• [INSTRUCTIONS FOR THE TASK]:
The answer must consist only of the lines in the records below from the line with "J002125 ＮＣ治具研削盤 ワイダ JG-35CP_9" to the line with "Gardenos Hotel Βιταλάδες", both included, copied word for word with every picture left out.

EXERCISE MATERIALS section start

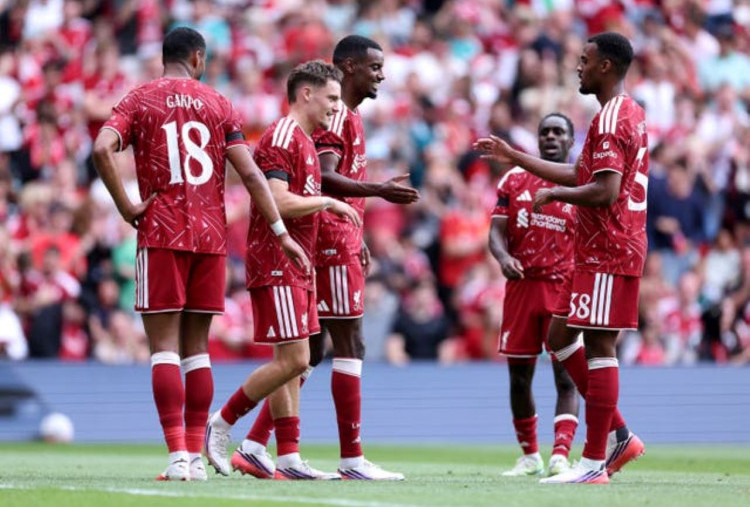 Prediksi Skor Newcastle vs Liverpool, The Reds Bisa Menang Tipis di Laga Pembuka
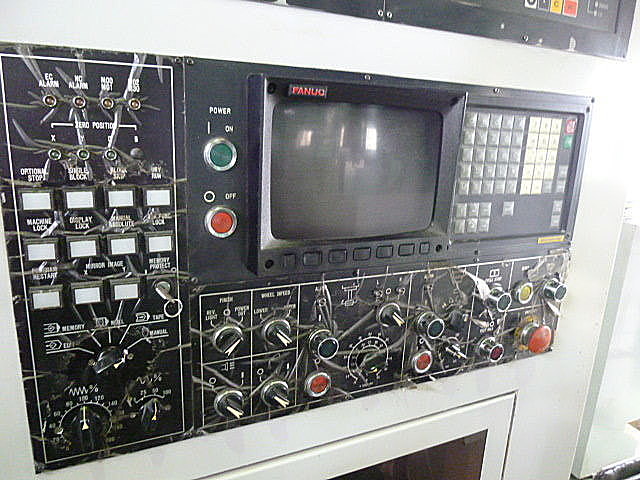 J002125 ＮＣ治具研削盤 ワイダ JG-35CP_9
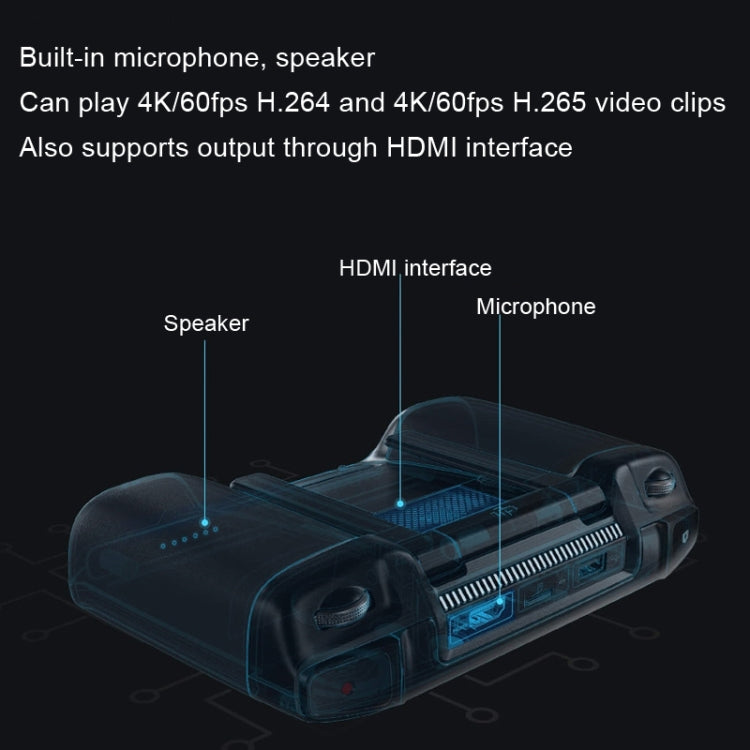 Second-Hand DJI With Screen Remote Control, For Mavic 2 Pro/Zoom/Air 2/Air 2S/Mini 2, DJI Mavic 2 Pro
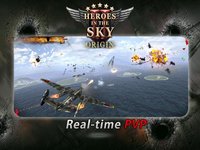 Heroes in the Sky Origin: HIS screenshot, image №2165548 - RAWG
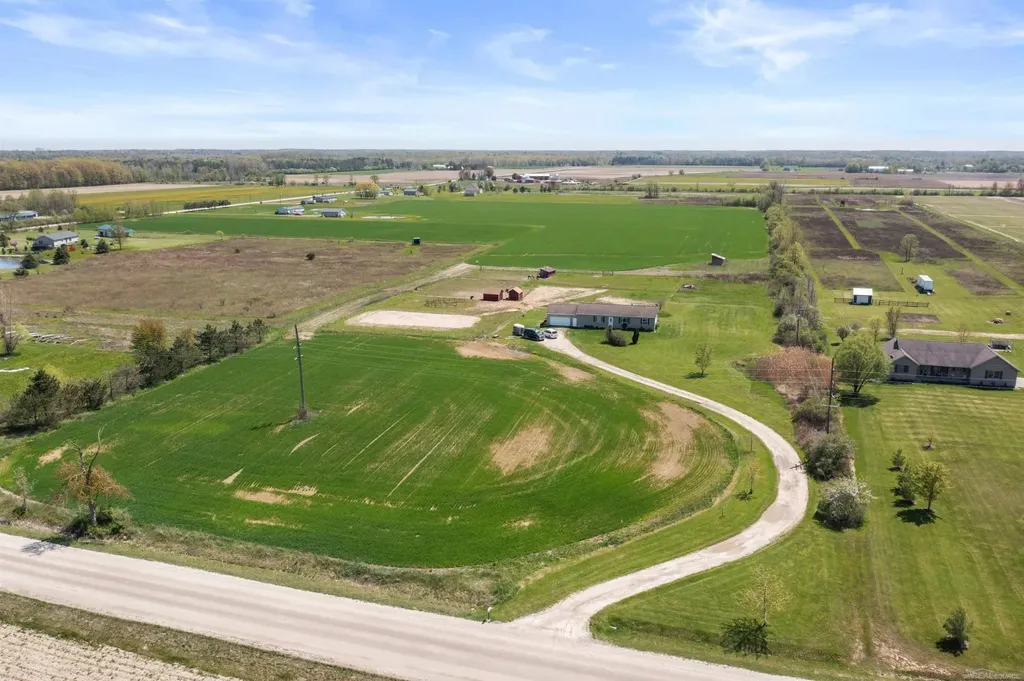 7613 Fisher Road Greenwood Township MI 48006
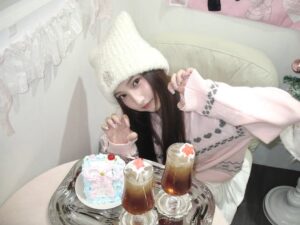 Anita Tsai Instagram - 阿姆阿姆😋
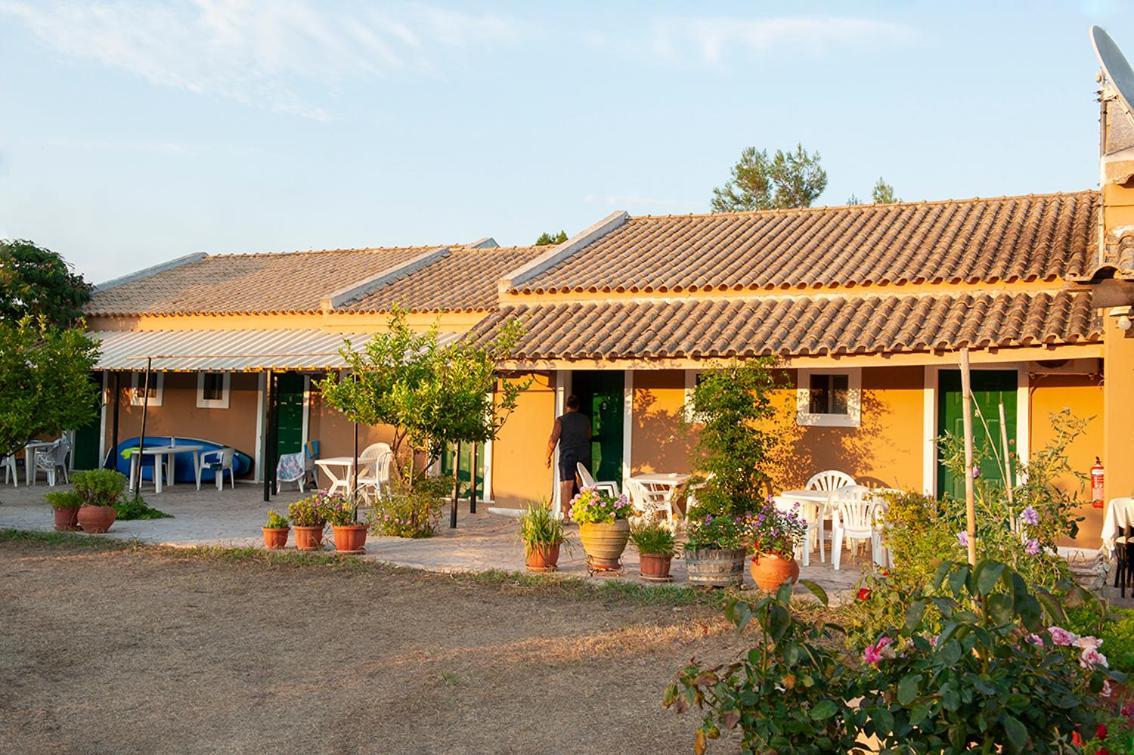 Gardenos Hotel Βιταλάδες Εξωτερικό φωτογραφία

EXERCISE MATERIALS section end
EXERCISE MATERIALS section start

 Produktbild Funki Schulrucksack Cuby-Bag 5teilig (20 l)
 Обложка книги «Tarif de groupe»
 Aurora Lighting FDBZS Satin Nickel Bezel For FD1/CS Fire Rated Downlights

EXERCISE MATERIALS section end

• [OUTPUT FOR THIS EXERCISE]:
 J002125 ＮＣ治具研削盤 ワイダ JG-35CP_9
 Second-Hand DJI With Screen Remote Control, For Mavic 2 Pro/Zoom/Air 2/Air 2S/Mini 2, DJI Mavic 2 Pro
 Heroes in the Sky Origin: HIS screenshot, image №2165548 - RAWG
 7613 Fisher Road Greenwood Township MI 48006
 Anita Tsai Instagram - 阿姆阿姆😋
 Gardenos Hotel Βιταλάδες Εξωτερικό φωτογραφία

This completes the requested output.